Only Smith can know if he is truly on a journey of self-discovery or merely attempting to rehabilitate his image by portraying himself as a victim of life’s slings and arrows. The other tricky question concerns his standing in Hollywood – and whether there is any way back for him. “It is kind of crazy to think that this one incident could wipe away so many decades of goodwill,” The Wrap editor-in-chief Sharon Waxman told the BBC in the wake of the slap. “But it was so public, it was so outside of the box. One agent we talked to called it a ‘stunning’ act of narcissism. The movie star brand for Will Smith is badly tarnished.”
Tarnished but not destroyed. In 2024, Smith roared back to the top of the box office when he reunited with Martin Lawrence for a fourth Bad Boys movie – the $400m-grossing Bad Boys: Ride or Die. Fans hailed it a stunning comeback. Yet for all its success, Ride or Die has not absolved the actor. Future cinematic projects remain thin on the ground – though he is reportedly moving forward with sequels to his 2007 dystopian thriller, I Am Legend, and his satirical 2008 superhero comedy Hancock.
Behold Schrödinger’s A-lister, then – simultaneously cancelled and not. Still, whichever column he belongs in, he is no longer the sure thing who clocked up hits such as Men in Black, I, Robot or Aladdin – or walked away from disasters such as Suicide Squad and Collateral Beauty with mega-star halo intact. The imponderable posed by his comeback album is to what degree film’s loss will be hip-hop’s gain. For now, the prospect of a new dawn for Smith’s rapping career has not, it is fair to say, set music alight.
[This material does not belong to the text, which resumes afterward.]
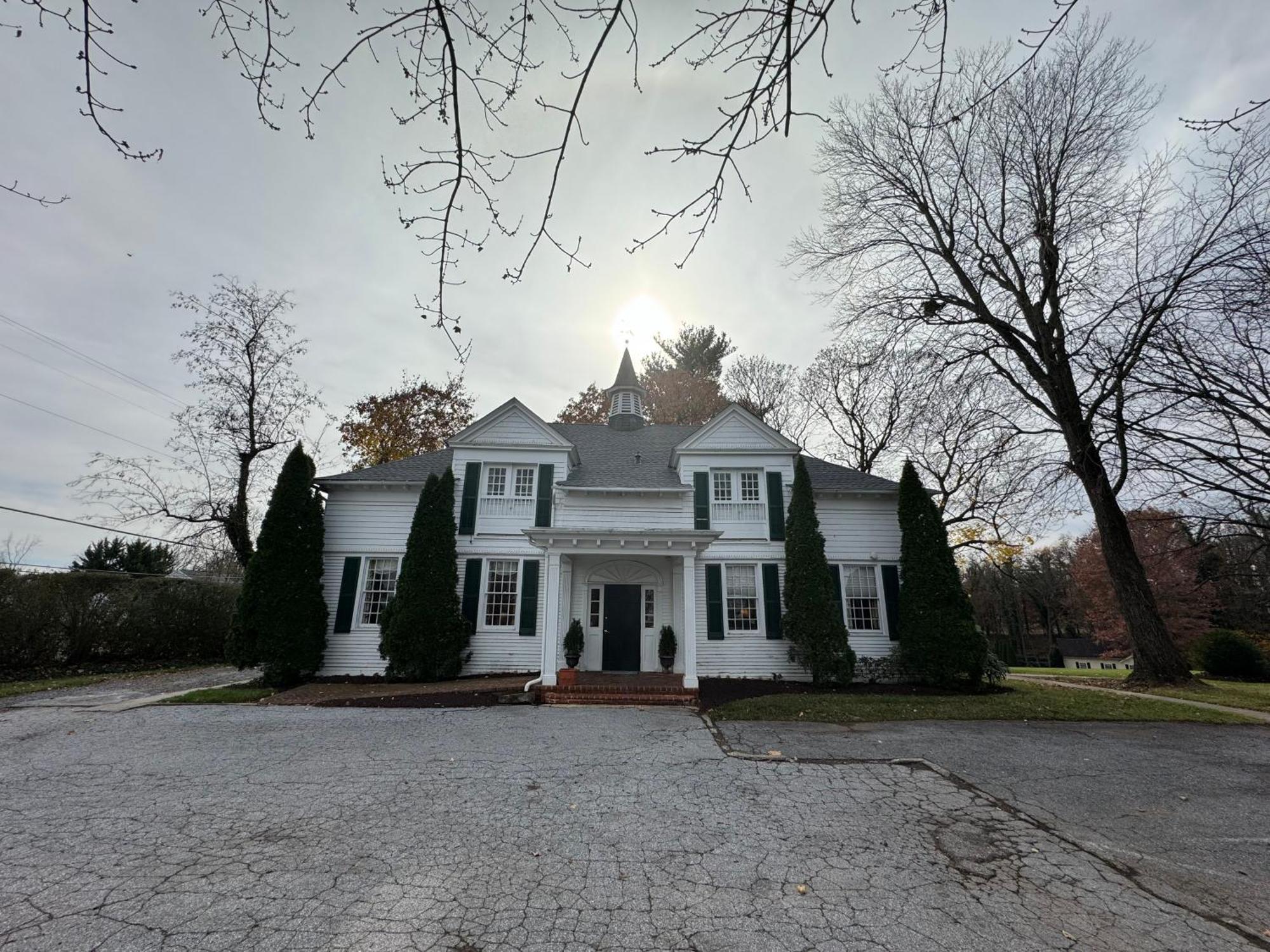 Antrim 1844 Hotel Taneytown Bagian luar foto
“It will be a lot harder because he is trying to appeal to young people,” says Tim Price, host of the Will Smith Podcast and curator of a website dedicated to Smith’s music. “You can see him trying to connect by going on Twitch streams and leaning into his social media. Will started as a rapper and I know it’s his first love. His music has always been popular because it’s been fun and very relatable. This new album is very different though, so it will be interesting to see if he is going to connect with more honest and raw songs.”
Others are more sceptical and perceive the move into spiritual hip-hop as a shameless attempt at image rehabilitation. “Who’s ready for 12-15 generic tracks of vague bars about struggling, making mistakes, and persevering,” was the withering assessment of one rap fan on Reddit.
Who’s right? The Smith fans who want Big Willie back in style? Or hip-hop purists dismissive of his comeback as a marketing wheeze? By the time he takes to the stage at Scarborough in August, the answer will surely have become clearer.